Note E - Debt Refinancing
- -------------------------
On November 2, 1998 the Company refinanced $8.5 million in short-term debt to a
seven year term note. As such, $8.5 million of short-term debt has been
retroactively reclassified as long-term debt as of October 3, 1998. Under this
agreement the Company is required to maintain certain financial covenants. The
long-term portion is due in quarterly installment of $425 thousand payable
beginning January 1, 2001 with interest at LIBOR plus 135 basis points.
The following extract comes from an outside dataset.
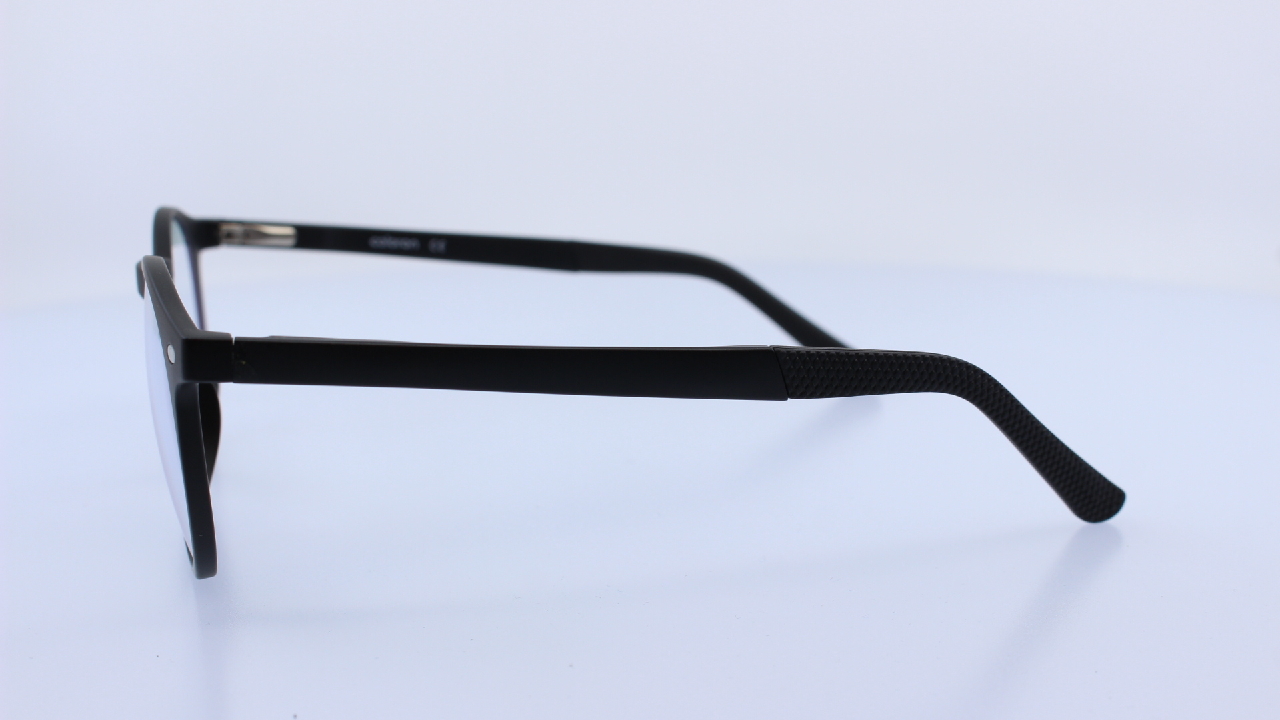 COLORON - FEKETE - LUCIUS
Borrowing under the $5 million line of credit is payable in 30, 60 or 90 day
periods with interest at LIBOR plus 125 basis points.
-7-
<PAGE>
ITEM 2 MANAGEMENT'S DISCUSSION AND ANALYSIS OF
FINANCIAL CONDITION AND RESULTS
OF OPERATIONS
Results of Operations
Net income per share (basic) for the third quarter of 1998 was the highest level
reported in the Company's 140-year history and represented the seventh
consecutive quarter of increased earnings. Net income for the third quarter was
$1.4 million or $.59 per share (basic) on sales of $18.0 million versus the
third quarter of 1997 of $1.1 million or $.40 per share (basic) on sales of
$16.7 million. Net income for the first nine months of 1998 was $4.0 million or
$1.64 per share (basic) on sales of $53.8 million versus the first nine months
of 1997 of $2.5 million or $.93 per share (basic) on sales of $49.5 million.
Third quarter sales were up 8% compared to the same period a year ago. Increased
volume contributed 4%, price increases contributed 1% and new products
contributed 3% over the comparable quarter of 1997. Sales for nine months of
1998 were up 9% compared to the same period a year ago. Volume was up 5%, while
prices and new products were both up 2%, respectively over the same period last
year. New products include vehicular hardware products designed and produced by
the Eberhard Manufacturing division and malleable iron casting products
manufactured by the Frazer & Jones division on a contract basis. A major
competitor of Frazer & Jones for contract malleable iron castings went out of
business in the second quarter of 1998. New customers were obtained and sales
increased 28% in the third quarter and were up 8% over the first nine months of
1997. Additional new business is anticipated in the fourth quarter 1998 and
early 1999. Sales of expansion shells, used in the underground mining industry,
were down 6% in the third quarter and down 4% for the first nine months of 1998
as compared to the same periods of 1997. Sales of expansion shells are expected
to be down slightly in the fourth quarter of 1998 as compared to the fourth
quarter of 1997 due to lower demand. Demand for heavy hardware, servicing the
tractor trailer industry, was up 24% over the third quarter and first nine
months of 1997. Sales to independent distributors, original equipment
manufacturers of industrial hardware and vehicular accessories remained strong
during the first nine months of 1998 and are expected to remain strong for the
remainder of the year. Sales of vehicular hardware servicing the Canadian
tractor trailer and truck body industries were up 40% over the comparable period
a year ago. To accommodate this increased business, the Eberhard Canadian
manufacturing operation is expanding its production facility by 10,000 square
feet. Sales of custom locks were down 4% in the third quarter and up 6% for the
first nine months over the comparable period a year ago. Sales of custom locks
are expected to decrease slightly in the fourth quarter 1998 as shipments of
computer lock applications decline compared to the same period a year ago.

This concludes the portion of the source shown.